CARMEN-LC05 is a straightforward study. It’s looking to see if the use of an ADC, tusamitamab ravtansine, can improve outcomes in patients with [nonsquamous NSCLC]. We’ve seen some impressive single-agent activity with tusamitamab ravtansine. The idea now is to see how good we can get the responses to be in the frontline setting and see if we can improve outcomes in patients positive for CEACAM5.
The big challenge that we have with enrollment, especially in the frontline setting but in all settings as well, is that patients need to have a positive CEACAM5 test to enroll. This is always a challenge because we’re trying to get that test back while [balancing other tasks] and getting the patient on the study.
It would be great if we had a blood test instead because we wouldn’t [face issues such as] needing to wait for tissue or running out of tissue. This is something that, with hard work, should be surmountable, although it’s proving more challenging [than we initially thought], until CEACAM5 [testing is done routinely]. However, that usually happens once the drug is commercially available, rather than in clinical trials.
There are first-line and second-line studies currently ongoing. We always like to do more in the frontline setting, because that’s when patients are healthier and [have better] long-term outcomes. That would be the ideal, but any improvement is always good. Certainly, the second-line treatment for NSCLC needs much improvement as well.

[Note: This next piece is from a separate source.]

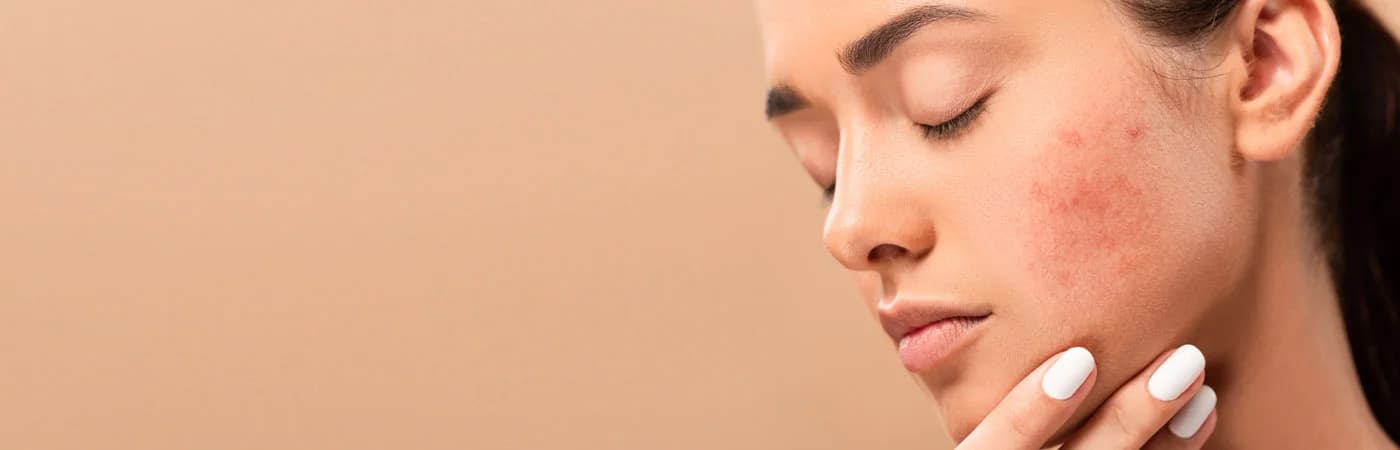 Acne Treatment in Delhi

Although co-mutations are important, this target is relatively unique right now. We’ll be looking at [factors such as] PD-L1 status. However, co-mutations are probably less important for this mutation, as it’s unique when compared with others such as KRAS G12C, EGFR, and ALK.
ADCs have an antibody, a linker, and a warhead. As the warhead sometimes gets leaked into the blood because it doesn’t stay on perfectly well, [patients can have] cytopenias, nausea, and thrombocytopenia related to [their treatments]. [Additionally, we are] always worried about the gastrointestinal adverse effects, and many ADCs have some pulmonary toxicities. That all needs to be watched for in this patient population.